The food prepared and eaten on a high-altitude hike or trek is like nothing else you may be used to. High-carbohydrates, low-fat diets are usually the rule. Carbohydrates help replace depleted muscle glycogen stores, and require less oxygen for metabolism. A person can expend as much as 6,000 calories a day (almost two pounds a week) depending on the altitude and temperature extremes…a weight-watchers dream come true because the food is rarely tasty.
This trek was no exception. The cooks try their best and it’s not easy cooking at altitude but the food was generally awful. (My comments only, feel free to disagree.) A high-altitude trek cook always prepares a hot cereal for breakfast. Cream of Wheat, Oats, Kasha…whatever it was and no matter how I tried to make it palatable with honey, brown sugar, white sugar, syrup…anything …nothing helps because I just detest hot cereals.
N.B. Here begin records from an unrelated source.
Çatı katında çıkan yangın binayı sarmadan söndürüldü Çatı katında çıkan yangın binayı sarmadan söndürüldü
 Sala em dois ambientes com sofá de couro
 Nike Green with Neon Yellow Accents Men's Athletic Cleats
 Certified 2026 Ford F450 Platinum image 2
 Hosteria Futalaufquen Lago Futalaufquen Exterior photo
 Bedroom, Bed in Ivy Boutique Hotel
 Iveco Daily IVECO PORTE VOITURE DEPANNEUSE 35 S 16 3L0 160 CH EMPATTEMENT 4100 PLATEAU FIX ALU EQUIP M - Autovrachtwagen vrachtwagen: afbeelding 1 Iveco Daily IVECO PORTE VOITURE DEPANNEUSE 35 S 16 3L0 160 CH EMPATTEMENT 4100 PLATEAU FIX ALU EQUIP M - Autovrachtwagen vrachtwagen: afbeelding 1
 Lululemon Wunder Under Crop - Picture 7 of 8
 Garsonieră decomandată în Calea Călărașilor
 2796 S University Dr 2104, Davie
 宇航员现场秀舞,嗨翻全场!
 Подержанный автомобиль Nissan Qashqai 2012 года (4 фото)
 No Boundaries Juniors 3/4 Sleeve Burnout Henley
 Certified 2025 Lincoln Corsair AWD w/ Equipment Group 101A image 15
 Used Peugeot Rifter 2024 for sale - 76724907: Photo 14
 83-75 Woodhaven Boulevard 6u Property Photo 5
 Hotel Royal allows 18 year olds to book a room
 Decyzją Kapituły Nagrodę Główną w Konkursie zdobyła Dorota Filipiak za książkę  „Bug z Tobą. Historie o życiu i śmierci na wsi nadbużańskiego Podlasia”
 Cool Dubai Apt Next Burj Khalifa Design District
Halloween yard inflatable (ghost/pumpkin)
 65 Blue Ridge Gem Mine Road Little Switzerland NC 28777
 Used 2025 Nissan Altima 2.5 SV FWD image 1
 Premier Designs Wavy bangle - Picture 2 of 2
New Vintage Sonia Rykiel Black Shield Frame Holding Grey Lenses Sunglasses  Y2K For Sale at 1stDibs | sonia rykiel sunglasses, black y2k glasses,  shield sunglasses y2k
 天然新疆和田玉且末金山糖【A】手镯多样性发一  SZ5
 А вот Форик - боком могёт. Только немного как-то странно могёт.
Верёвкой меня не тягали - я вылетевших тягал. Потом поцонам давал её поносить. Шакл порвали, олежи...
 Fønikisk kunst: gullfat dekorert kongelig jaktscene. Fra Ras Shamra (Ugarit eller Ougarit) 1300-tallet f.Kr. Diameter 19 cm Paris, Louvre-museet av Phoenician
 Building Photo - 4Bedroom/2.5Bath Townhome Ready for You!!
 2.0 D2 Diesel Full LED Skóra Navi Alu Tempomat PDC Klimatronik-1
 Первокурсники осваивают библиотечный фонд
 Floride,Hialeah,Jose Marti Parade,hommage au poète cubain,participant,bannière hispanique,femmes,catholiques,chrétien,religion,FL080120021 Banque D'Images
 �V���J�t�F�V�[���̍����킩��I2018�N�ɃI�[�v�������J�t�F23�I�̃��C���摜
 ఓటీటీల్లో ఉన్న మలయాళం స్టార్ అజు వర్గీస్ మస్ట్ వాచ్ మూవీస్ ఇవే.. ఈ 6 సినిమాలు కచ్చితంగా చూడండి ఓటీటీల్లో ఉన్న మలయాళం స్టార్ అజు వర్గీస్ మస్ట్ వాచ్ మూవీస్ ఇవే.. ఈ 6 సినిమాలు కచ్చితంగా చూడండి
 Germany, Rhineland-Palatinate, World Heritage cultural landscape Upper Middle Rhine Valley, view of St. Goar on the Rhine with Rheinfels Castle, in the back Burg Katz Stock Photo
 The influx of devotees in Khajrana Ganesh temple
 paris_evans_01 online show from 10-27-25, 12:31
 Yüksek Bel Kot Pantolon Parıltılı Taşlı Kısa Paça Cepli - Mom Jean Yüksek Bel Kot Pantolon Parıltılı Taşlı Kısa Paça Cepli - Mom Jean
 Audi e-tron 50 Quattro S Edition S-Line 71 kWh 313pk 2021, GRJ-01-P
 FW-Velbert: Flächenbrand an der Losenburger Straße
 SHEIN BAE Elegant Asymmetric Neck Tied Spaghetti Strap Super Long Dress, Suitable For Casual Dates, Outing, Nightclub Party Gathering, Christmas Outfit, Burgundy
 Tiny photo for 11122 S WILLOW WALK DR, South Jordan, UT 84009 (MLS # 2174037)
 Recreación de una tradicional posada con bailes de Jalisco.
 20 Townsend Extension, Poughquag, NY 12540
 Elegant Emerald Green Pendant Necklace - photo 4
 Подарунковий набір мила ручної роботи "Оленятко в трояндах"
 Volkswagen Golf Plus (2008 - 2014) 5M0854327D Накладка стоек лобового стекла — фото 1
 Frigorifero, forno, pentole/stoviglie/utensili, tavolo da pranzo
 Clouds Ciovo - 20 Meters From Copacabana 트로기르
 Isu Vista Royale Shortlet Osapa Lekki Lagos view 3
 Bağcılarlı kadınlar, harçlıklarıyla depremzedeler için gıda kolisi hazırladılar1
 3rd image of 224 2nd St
Other breakfast foods were mashed potatoes and spaghetti. This…I like, but not at breakfast. If you’ve ever climbed above 10,000′, you may be familiar with the morning nausea and headaches associated with mild altitude sickness. At least we are. Neither ex-Marine nor I could stomach mashed potatoes or spaghetti at 6:00 a.m. (lunch yes, breakfast, no) and lived on cookies/biscuits for breakfast. The nausea would disappear when we began hiking and not reappear until the next morning.

Lunch was the highlight of each day. Whether or not it was a perch on the rocks or in an open meadow, our cook made wonderful salads with tomatoes bursting with flavor, and had brought lots of sweet, juicy Kyrgyz melons. To this day, I wonder why all the flavor and taste has gone out of our tomatoes and melons at home. Lunches were wonderful until we ran out of tomatoes and melons.


Dinners? More Carbohydrates. Spaghetti, rice, mashed potatoes, unidentifiable meats and more melons. Starving by this time and feeling better, it didn’t make any difference what was on the table or how it tasted, but the food did get worse with each passing day.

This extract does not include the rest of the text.